[Captioned web images]
****

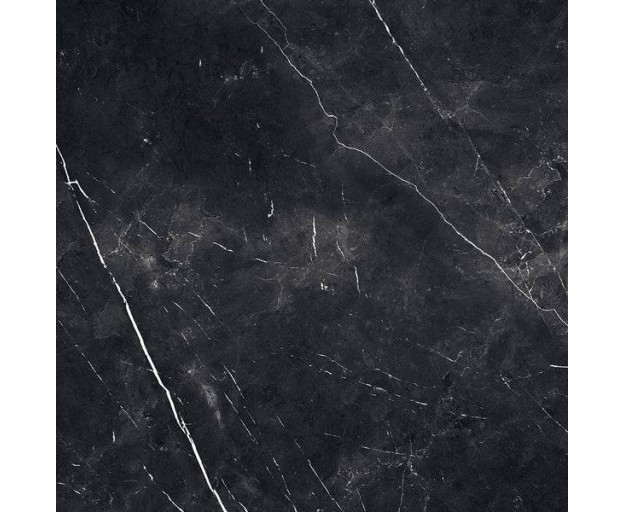 Керамогранит Laparet Eclipse матовый 80x80 - изображение 4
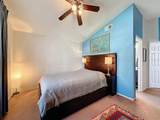 7516 Mascotte Street - Photo 23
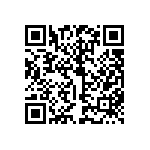 TVP00RS-9-9PA-P25AD QRCode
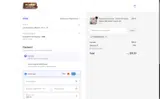 HOLIDAYS2021 coupon verification screenshot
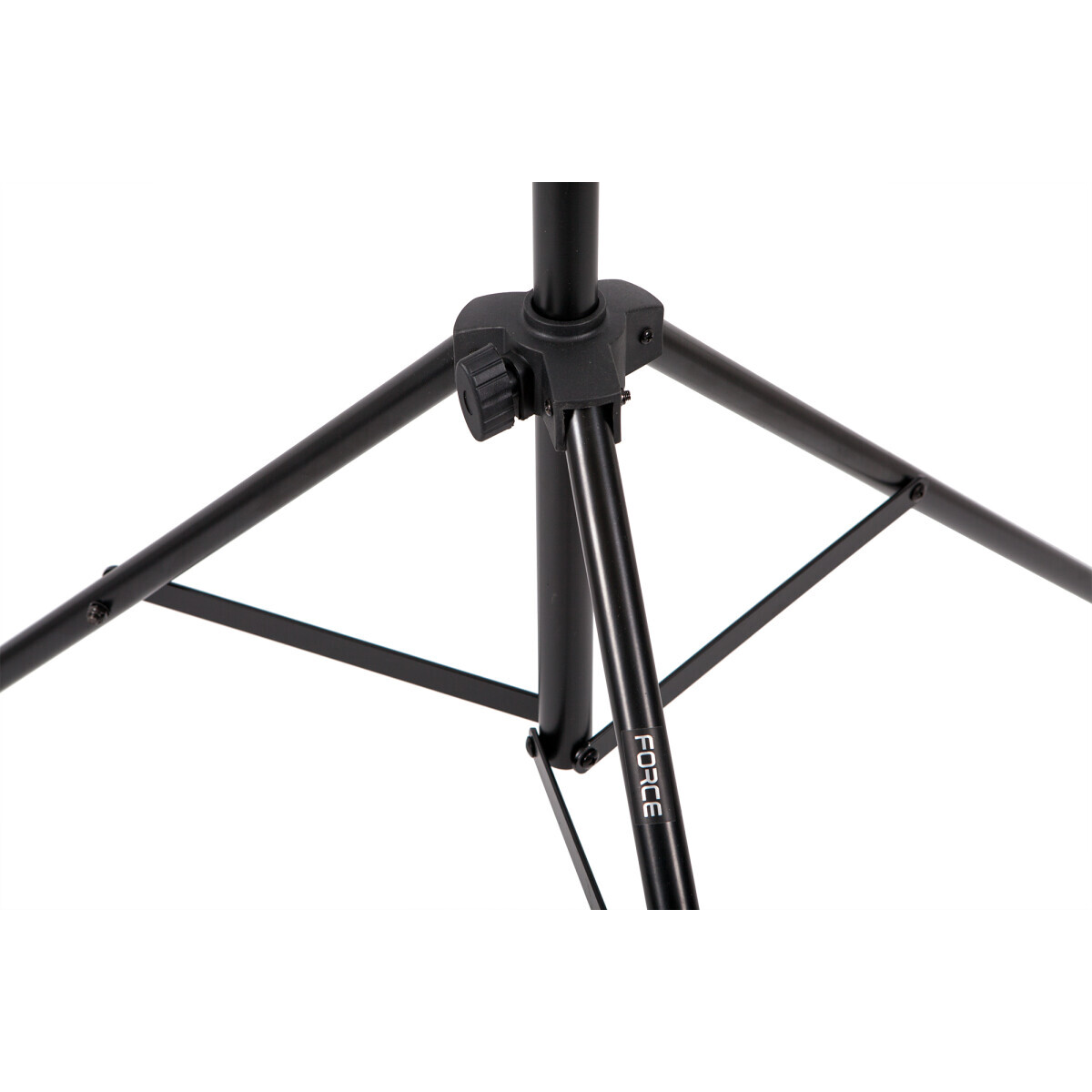 Стойка для микрофона FORCE MSC-25B - фото 3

****

Instructions to follow: Skip the pictures. Return exactly the lines from the one containing "TVP00RS-9-9PA-P25AD QRCode" through the end of the data above, both included, and nothing besides.

Response to the exercise:
 TVP00RS-9-9PA-P25AD QRCode
 HOLIDAYS2021 coupon verification screenshot
 Стойка для микрофона FORCE MSC-25B - фото 3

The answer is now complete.